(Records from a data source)
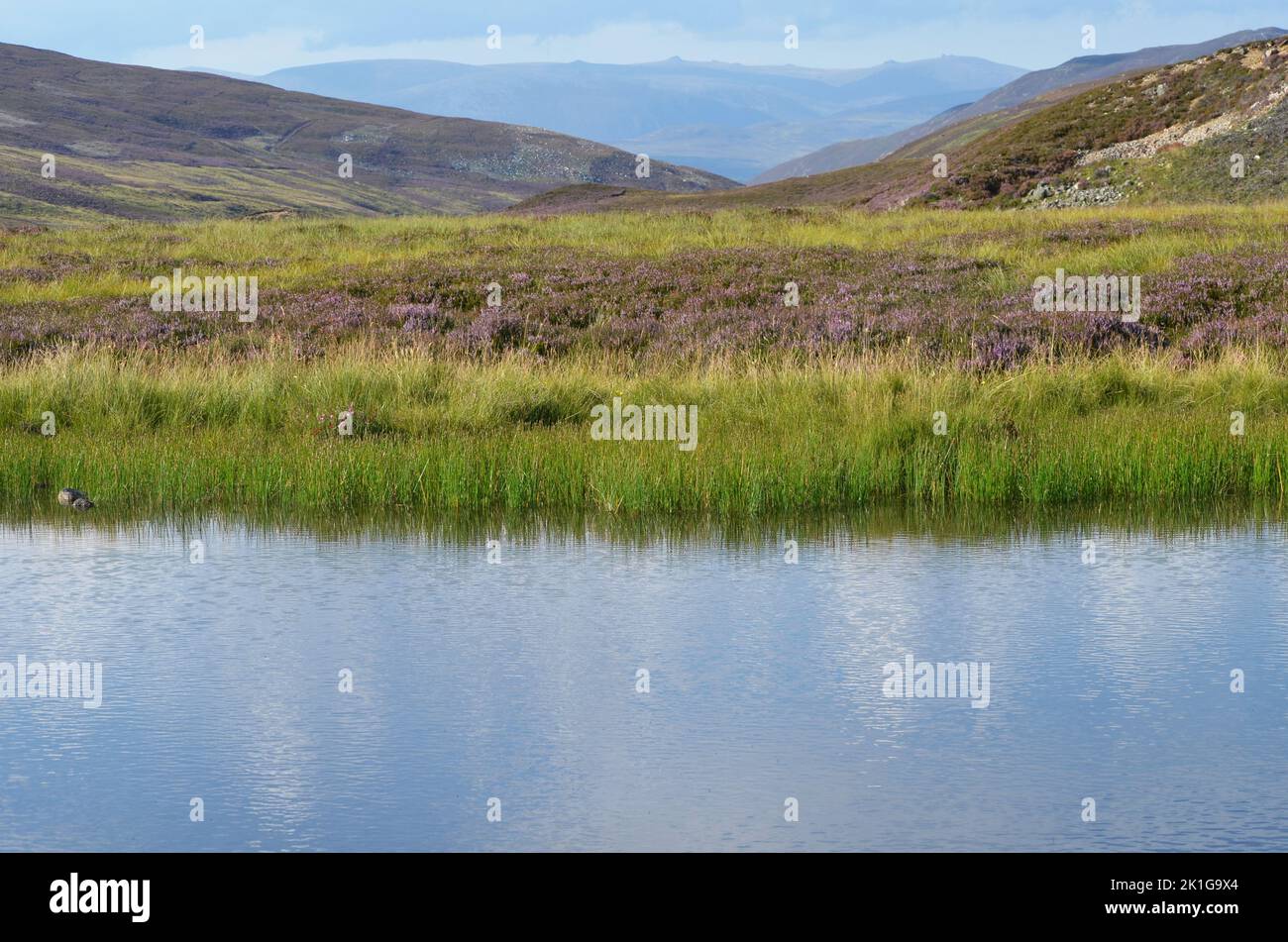 Un pequeño estanque en Glen Callater, el parque nacional Cairngorms, Escocia Foto de stock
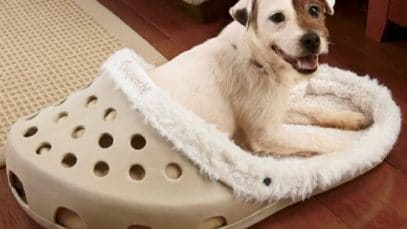 Giant Shoe Slipper Shaped Dog Bed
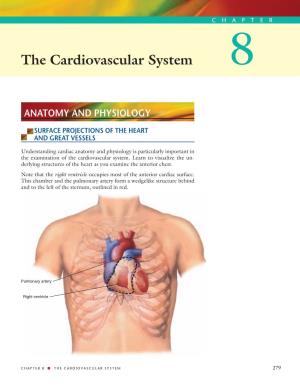 The Cardiovascular System 8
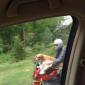 Motorcycle Dog
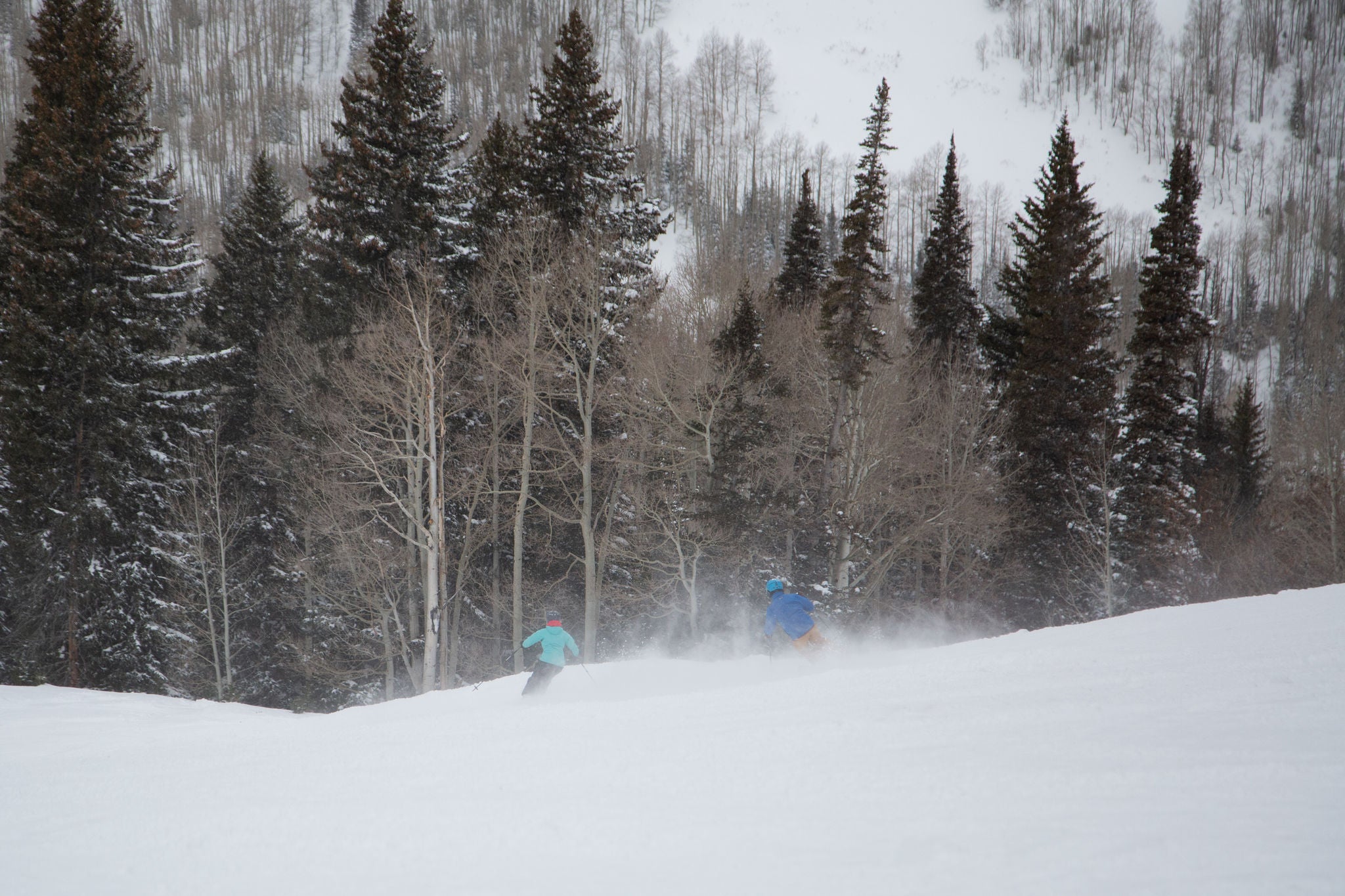 Skiing through the Mountains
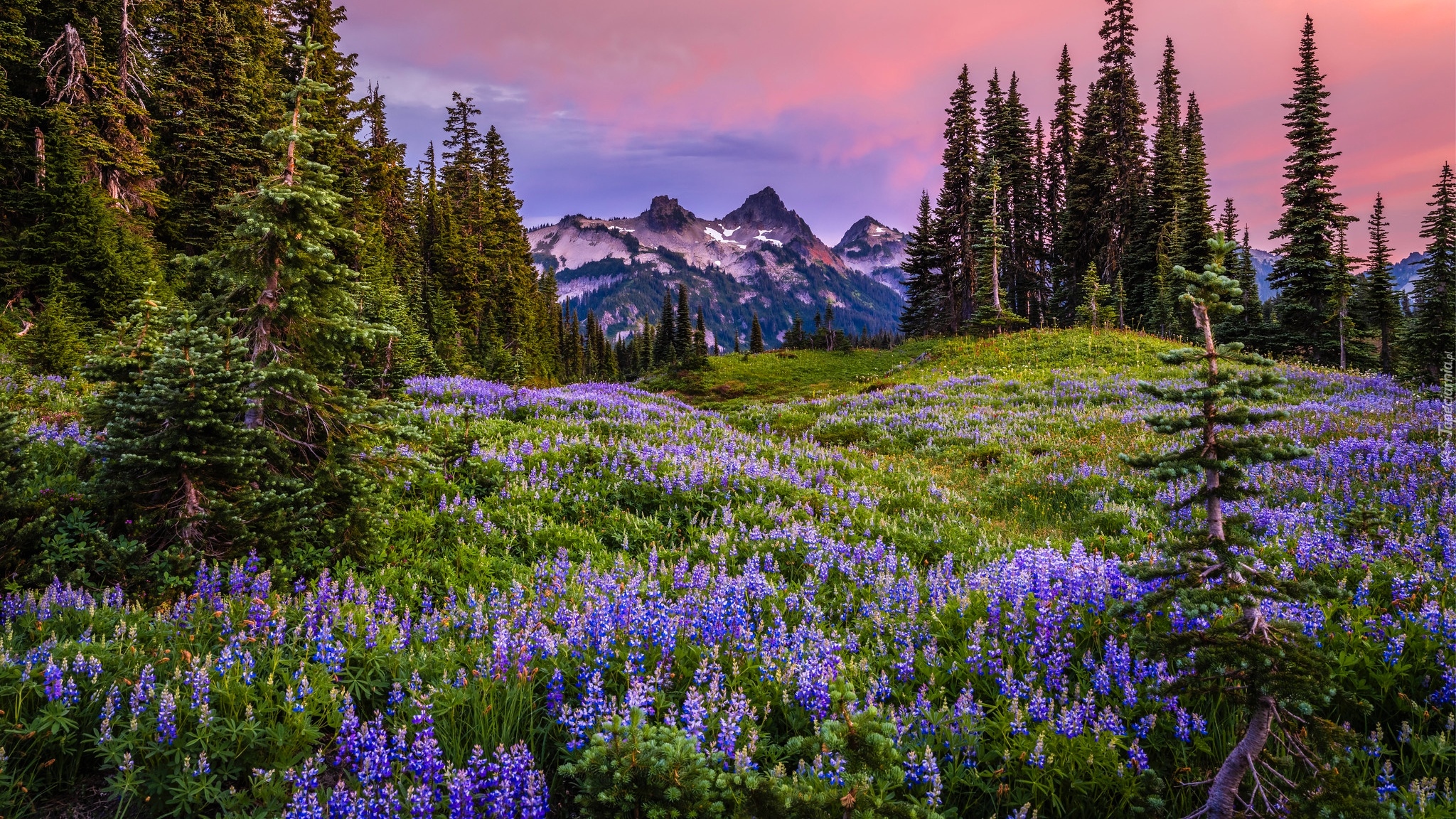 Park Narodowy Mount Rainier, Góry, Tatoosh Range, Łąka, Kwiaty, Łubin, Mgła, Stan Waszyngton, Stany Zjednoczone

[Your goal] Leave every image out and retype the entries above word for word.

[Exercise answer]
 Un pequeño estanque en Glen Callater, el parque nacional Cairngorms, Escocia Foto de stock
 Giant Shoe Slipper Shaped Dog Bed
 The Cardiovascular System 8
 Motorcycle Dog
 Skiing through the Mountains
 Park Narodowy Mount Rainier, Góry, Tatoosh Range, Łąka, Kwiaty, Łubin, Mgła, Stan Waszyngton, Stany Zjednoczone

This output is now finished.